Task goal.
Print the entries that appear below, exactly as written and without their pictures.

Source information.
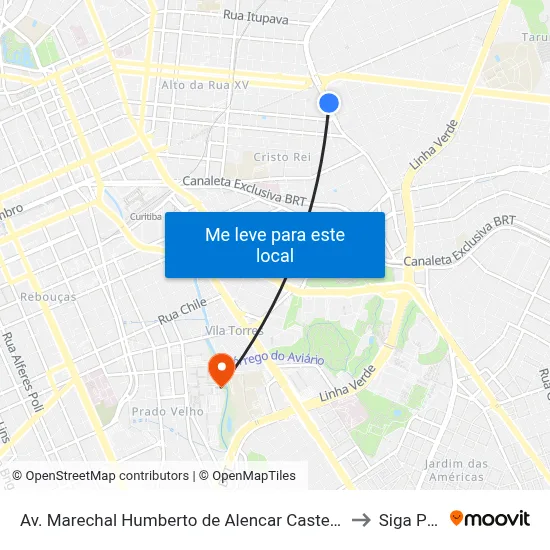 Av. Marechal Humberto de Alencar Castelo Branco, 215 to Siga Pucpr map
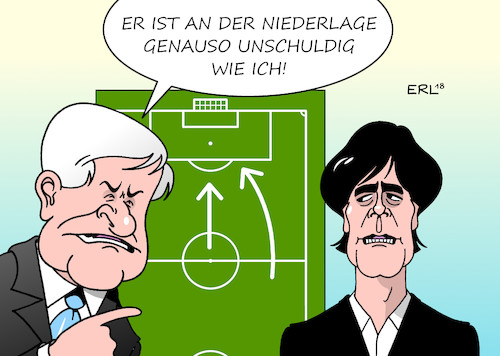 Cartoon: Sündenböcke (medium) by Erl tagged politik,bayern,landtagswahl,regierung,partei,alleinregierung,csu,verlust,absolute,mehrheit,absturz,einbruch,wähler,denkzettel,ministerpräsident,markus,söder,landespolitik,bundespolitik,sündenbock,innenminister,horst,seehofer,streit,bundeskanzlerin,angela,merkel,flüchtlingspolitik,sport,fußball,nationalmannschaft,nations,league,niederlage,niederlande,bundestrainer,joachim,jogi,löw,krise,trainerdiskussion,karikatur,erl,politik,bayern,landtagswahl,regierung,partei,alleinregierung,csu,verlust,absolute,mehrheit,absturz,einbruch,wähler,denkzettel,ministerpräsident,markus,söder,landespolitik,bundespolitik,sündenbock,innenminister,horst,seehofer,streit,bundeskanzlerin,angela,merkel,flüchtlingspolitik,sport,fußball,nationalmannschaft,nations,league,niederlage,niederlande,bundestrainer,joachim,jogi,löw,krise,trainerdiskussion,karikatur,erl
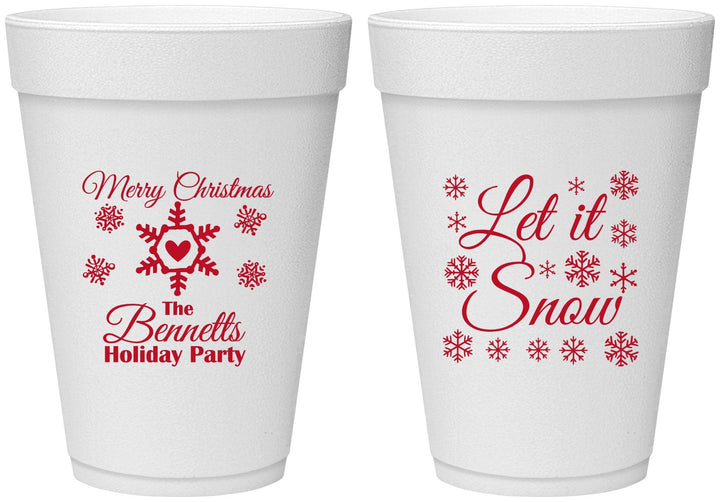 Personalized Christmas 16 oz Foam Cups - Let Is Snow | 280088
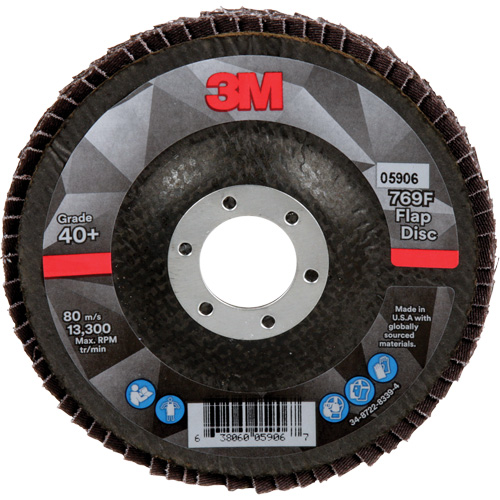 769F Quick Change Flap Disc, 4-1/2" x 7/8", Type 29, 40+ Grit, Ceramic Stor-it Systems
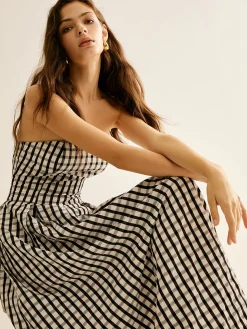 Plaid Tube Long Dress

Finished task.
 Av. Marechal Humberto de Alencar Castelo Branco, 215 to Siga Pucpr map
 Cartoon: Sündenböcke (medium) by Erl tagged politik,bayern,landtagswahl,regierung,partei,alleinregierung,csu,verlust,absolute,mehrheit,absturz,einbruch,wähler,denkzettel,ministerpräsident,markus,söder,landespolitik,bundespolitik,sündenbock,innenminister,horst,seehofer,streit,bundeskanzlerin,angela,merkel,flüchtlingspolitik,sport,fußball,nationalmannschaft,nations,league,niederlage,niederlande,bundestrainer,joachim,jogi,löw,krise,trainerdiskussion,karikatur,erl,politik,bayern,landtagswahl,regierung,partei,alleinregierung,csu,verlust,absolute,mehrheit,absturz,einbruch,wähler,denkzettel,ministerpräsident,markus,söder,landespolitik,bundespolitik,sündenbock,innenminister,horst,seehofer,streit,bundeskanzlerin,angela,merkel,flüchtlingspolitik,sport,fußball,nationalmannschaft,nations,league,niederlage,niederlande,bundestrainer,joachim,jogi,löw,krise,trainerdiskussion,karikatur,erl
 Personalized Christmas 16 oz Foam Cups - Let Is Snow | 280088
 769F Quick Change Flap Disc, 4-1/2" x 7/8", Type 29, 40+ Grit, Ceramic Stor-it Systems
 Plaid Tube Long Dress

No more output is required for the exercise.